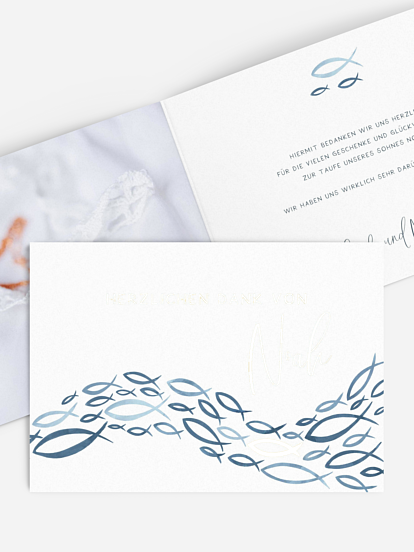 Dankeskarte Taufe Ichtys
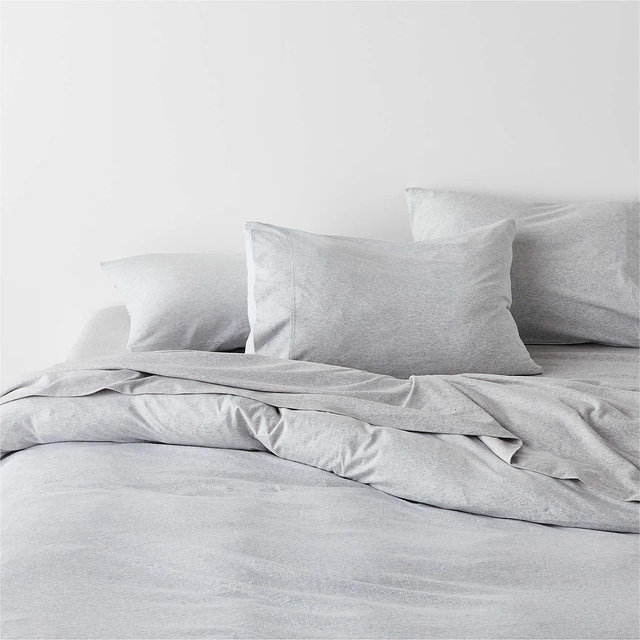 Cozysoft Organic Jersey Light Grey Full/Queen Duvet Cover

---

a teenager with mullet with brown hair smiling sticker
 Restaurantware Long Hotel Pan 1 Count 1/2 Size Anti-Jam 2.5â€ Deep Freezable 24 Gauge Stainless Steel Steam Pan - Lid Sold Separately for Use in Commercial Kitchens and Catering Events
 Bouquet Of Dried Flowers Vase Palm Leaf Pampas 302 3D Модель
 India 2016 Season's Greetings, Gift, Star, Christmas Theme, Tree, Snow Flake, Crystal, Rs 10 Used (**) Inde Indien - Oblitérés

### Task directions:
In the listing above, locate the line containing "a teenager with" and the line containing "Bouquet Of Dried". Extract those two lines and every line between them, exactly as written, and only those.

### Solution for this exercise:
a teenager with mullet with brown hair smiling sticker
 Restaurantware Long Hotel Pan 1 Count 1/2 Size Anti-Jam 2.5â€ Deep Freezable 24 Gauge Stainless Steel Steam Pan - Lid Sold Separately for Use in Commercial Kitchens and Catering Events
 Bouquet Of Dried Flowers Vase Palm Leaf Pampas 302 3D Модель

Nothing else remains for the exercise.